After he wound her up and sent her off with Susan Jagger, she must have had an interesting day. He looked forward to hearing the gaudy details.


He had not yet used Martie sexually. Although she was not as beautiful as Susan, she was quite attractive, and he looked forward to seeing just how completely and deliciously sordid she could be if she really tried. She was not yet in sufficient misery to have much erotic appeal for him.


Soon.


Now, he was in a dangerous mood—and knew it. The personality regression he underwent during intense play sessions didn’t reverse instantly upon conclusion of the games. Like a deep-sea diver rising through the fathoms at a measured pace to avoid the bends, Ahriman ascended toward full adulthood in decompressive stages. He was not entirely man or boy at the moment, but in emotional metamorphosis.


At the corner bar in his study, he poured a bottle of Coke—the classic formula—into a cut-crystal Tom Collins glass, added a thick squirt of cherry syrup and ice, stirring the concoction with a long-handled sterling-silver spoon.

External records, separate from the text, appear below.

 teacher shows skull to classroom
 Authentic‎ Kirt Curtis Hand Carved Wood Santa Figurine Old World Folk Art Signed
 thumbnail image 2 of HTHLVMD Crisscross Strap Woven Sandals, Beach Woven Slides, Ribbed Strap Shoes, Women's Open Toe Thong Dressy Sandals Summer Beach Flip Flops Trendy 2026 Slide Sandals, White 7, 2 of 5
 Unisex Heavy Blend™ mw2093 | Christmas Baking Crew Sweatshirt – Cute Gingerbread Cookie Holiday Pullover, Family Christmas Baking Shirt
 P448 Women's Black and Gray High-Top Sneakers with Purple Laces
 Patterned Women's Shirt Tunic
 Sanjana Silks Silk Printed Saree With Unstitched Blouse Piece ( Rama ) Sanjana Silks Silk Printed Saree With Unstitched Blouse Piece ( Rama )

He tasted it and smiled. Better than Tsingtao.


Exhausted yet restless, he walked the house for a while, after instructing the computer to precede him neither with blazes of light nor with softly luminous preset scenes. He wanted darkness in those spaces that had a view, and a single lamp dimmed so far as to be nearly extinguished in those chambers that did not benefit from the nighttime panorama of Orange County.